一益は、急な旅立ちに慌てて、初歩的な忍びの心得を忘れた選択をしかけた己を恥じる。
信長が砂金入りの革袋を渡す。次いで、鍔の無い短刀を腰から抜いて差し出す。
一益は皮袋を懐に仕舞う。
儀礼用のその豪華な短刀は、全長一尺二寸(三十六㌢)で、柄巻きのない、出鮫柄で、目貫は黄金製の五つ木瓜の織田家家紋だ。鞘は、螺鈿で飾られていたから、鞘全体が、キラキラとしている。小柄、笄も黄金造りだ。
「元服に使ったんだわ・・・左文字だと聞いとるがや」
「そがなきんまい御腰物を・・・ようとうも、ぎょうさん・・・おおきにどっせ。わいのちょかりの事まで」
そこで言葉が詰まった一益は、無言で腰の太刀を抜くと、下緒をほどいて太刀を背中に背負い、緒を胸前で結んだ。
信長から短刀を受け取ると、両手で捧げるようにして、それに軽く頭を下げ、持ち直して懐深くへ仕舞い、信長にも一礼して、手綱を受け取り馬に乗った。
「ほな、お殿様、がいっといってきまっさ(力一杯行って参ります)」
天王坊の表門を出た途端、涙が溢れた。
(大気やな、それやのに、細い事もちゃんと心配りはって・・・やっぱりきんまいお方や)
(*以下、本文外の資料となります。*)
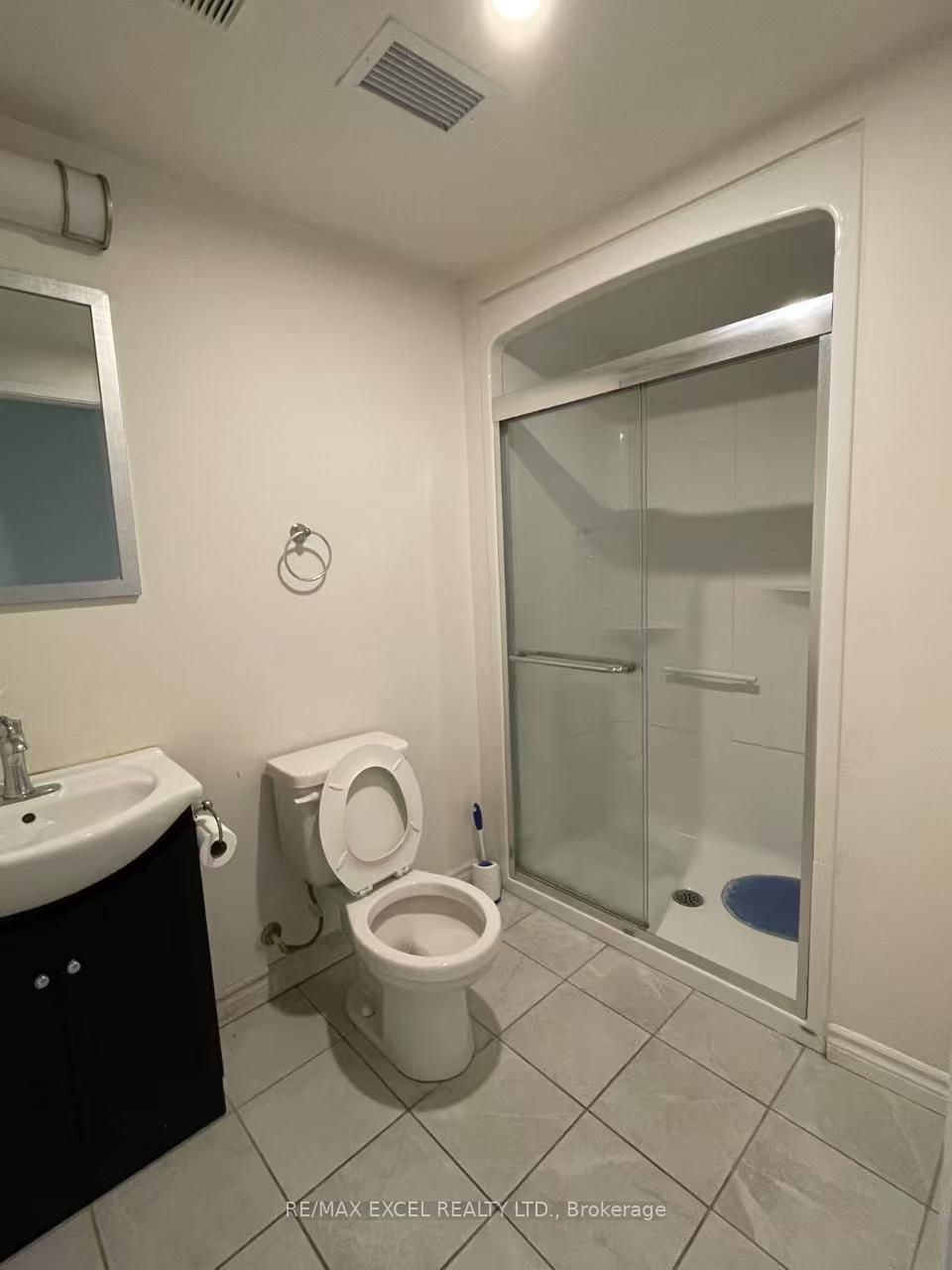 246 Lester Street, Unit 709 - Photo 11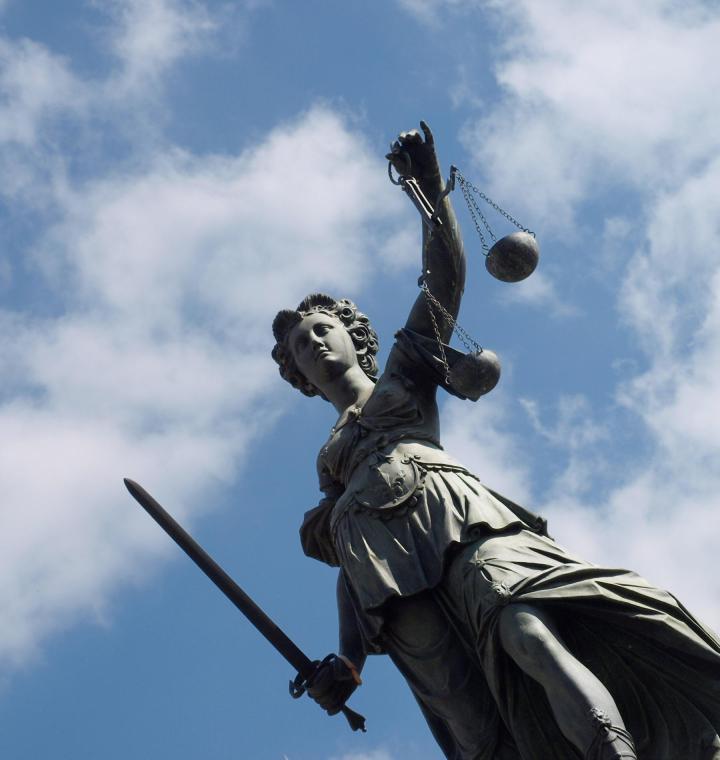 Un avocat pour vous assister dans les démarches administratives à Orléans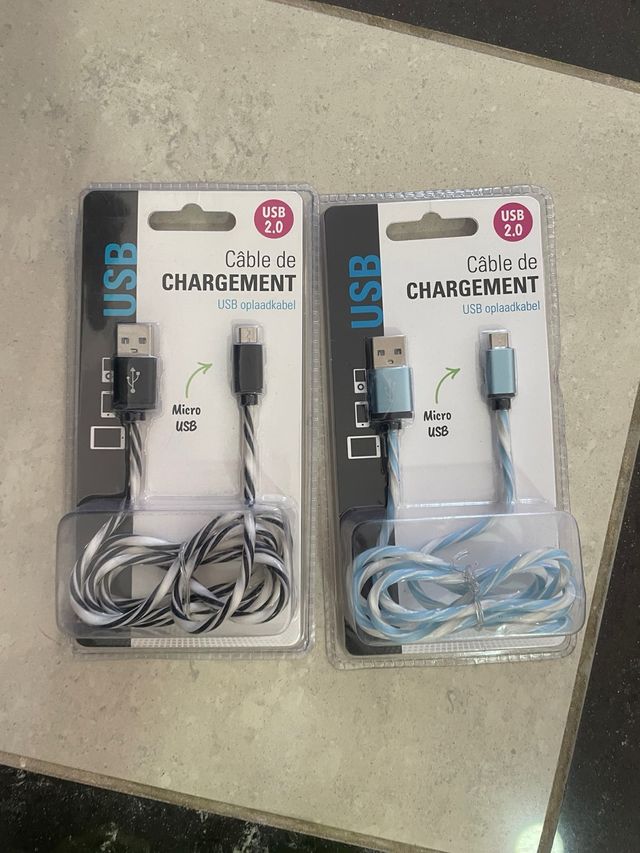 Cabos de carregamento tipo C e iPhone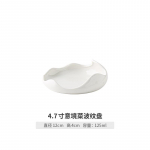 Japoni&scaron;ka balto keramikos lėk&scaron;tė netaisyklingos formos, pagrindiniam patiekalui, kepsniui, stalo įrankiai, namai, restoranas, virtuvė, indai, dekoracija, stalo reikmenys, lėk&scaron;tė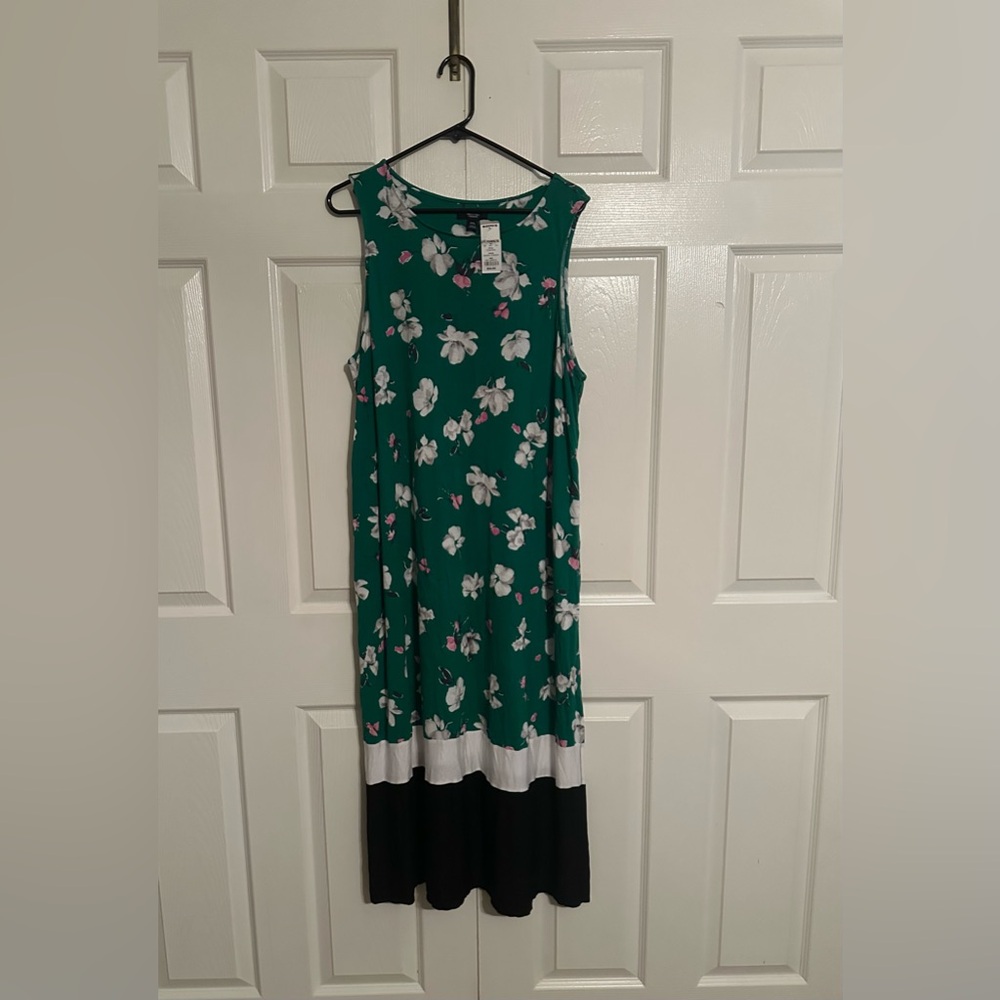 Simply Vera Vera Wang Green Floral Maxi Dress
那古野から、甲賀までは、直線で約二十里だが、実際の走行距離は一·五倍ほどもあり、また険しい鈴鹿山脈を越えなければならない。
一益は、蟹江で馬を返した後は、目立たないよう道を急ぎ、渡し船で、木曽、長良揖斐の三川を渡ると、人目を避け、道を外して野を駆けた。
桑名の端を駆け抜け、菰野の辺りまで来ると、鈴鹿の山々は目の前だった。
暗くなると、道に戻って、全力で駆ける。夜目が利くから、松明は使わない。
山に入れば人目が無くなる。
獣道を辿り、谷を駆け下り、崖を駆け上がる。